- [HOW TO COMPLETE THIS TASK]:
Give every line of the data again, unchanged, but with no pictures.

- [PROVIDED DATA]:
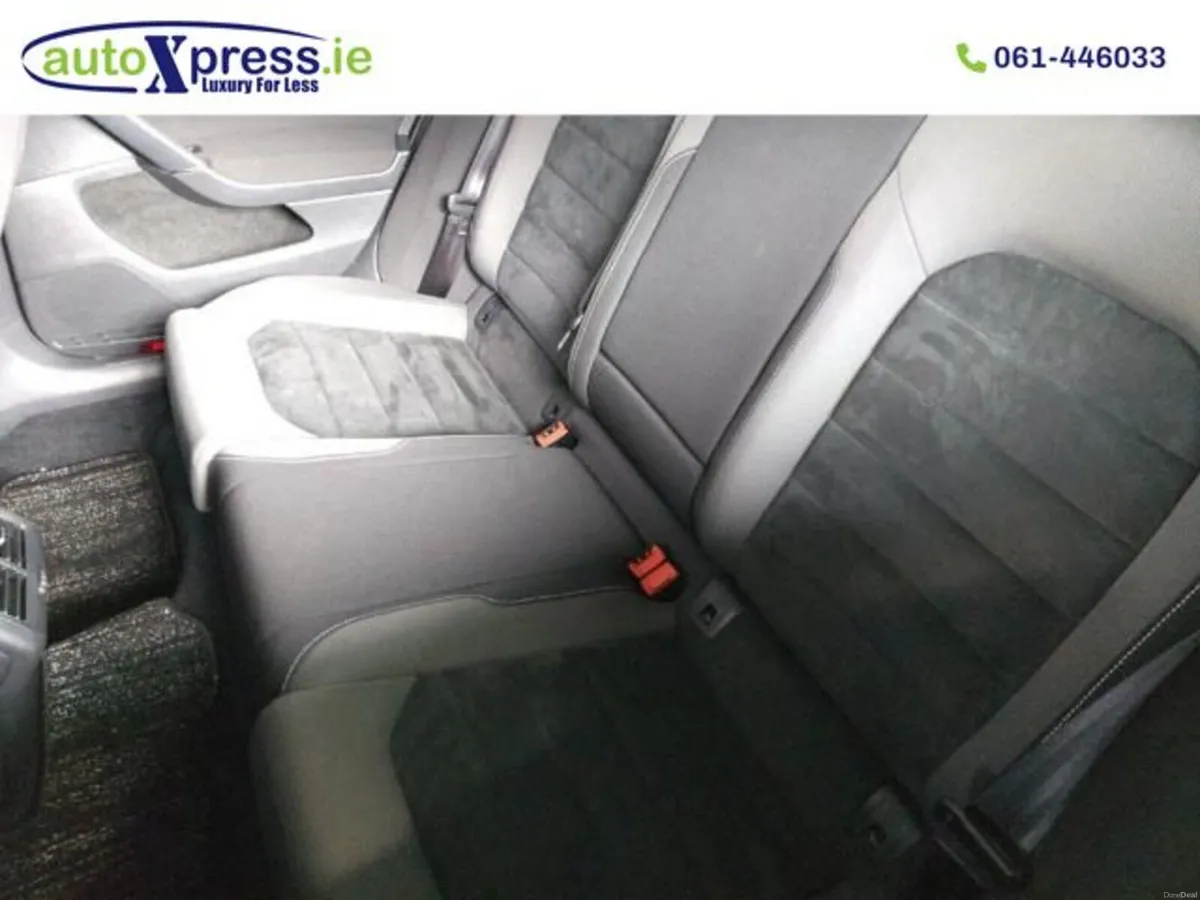 Volkswagen Golf Bluemotion TSI Highline 1.4 Automa - Image 4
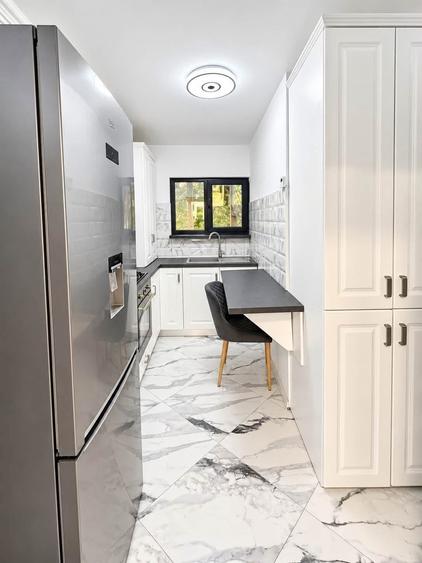 Apartament cu 2 camere decomandat în City Park Mall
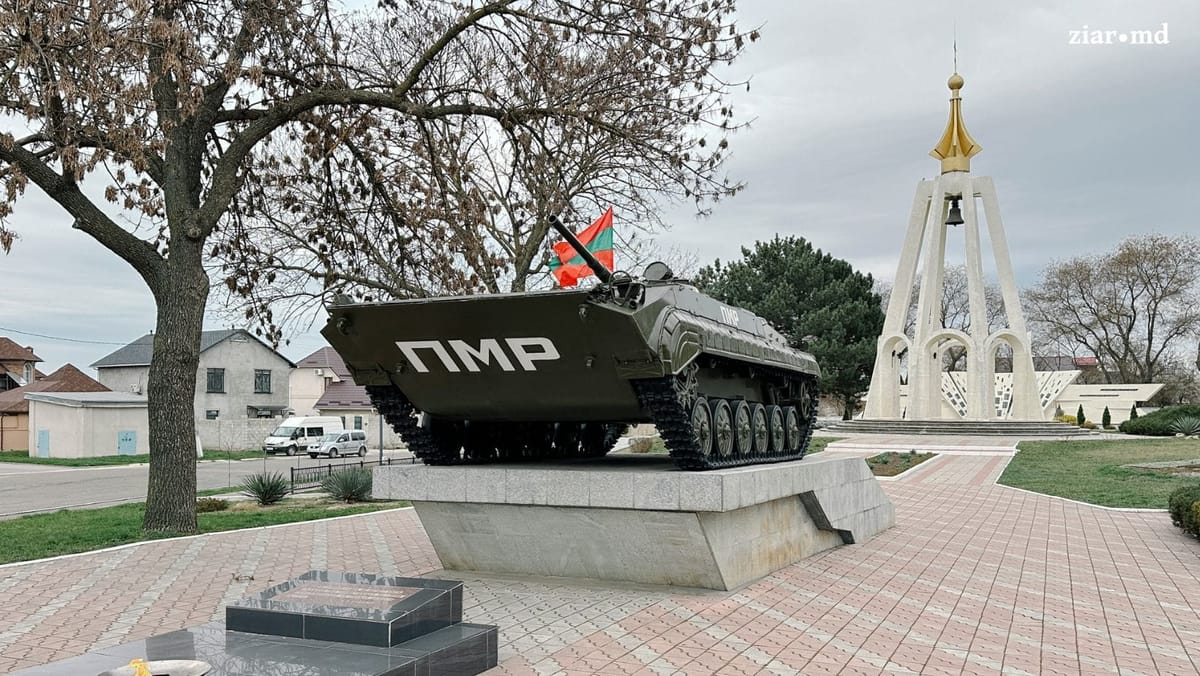 Autoritățile de la Chișinău lucrează la o viziune strategică de reintegrare a țării - când va fi anunțat planul ținut secret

- [WRITTEN RESPONSE]:
 Volkswagen Golf Bluemotion TSI Highline 1.4 Automa - Image 4
 Apartament cu 2 camere decomandat în City Park Mall
 Autoritățile de la Chișinău lucrează la o viziune strategică de reintegrare a țării - când va fi anunțat planul ținut secret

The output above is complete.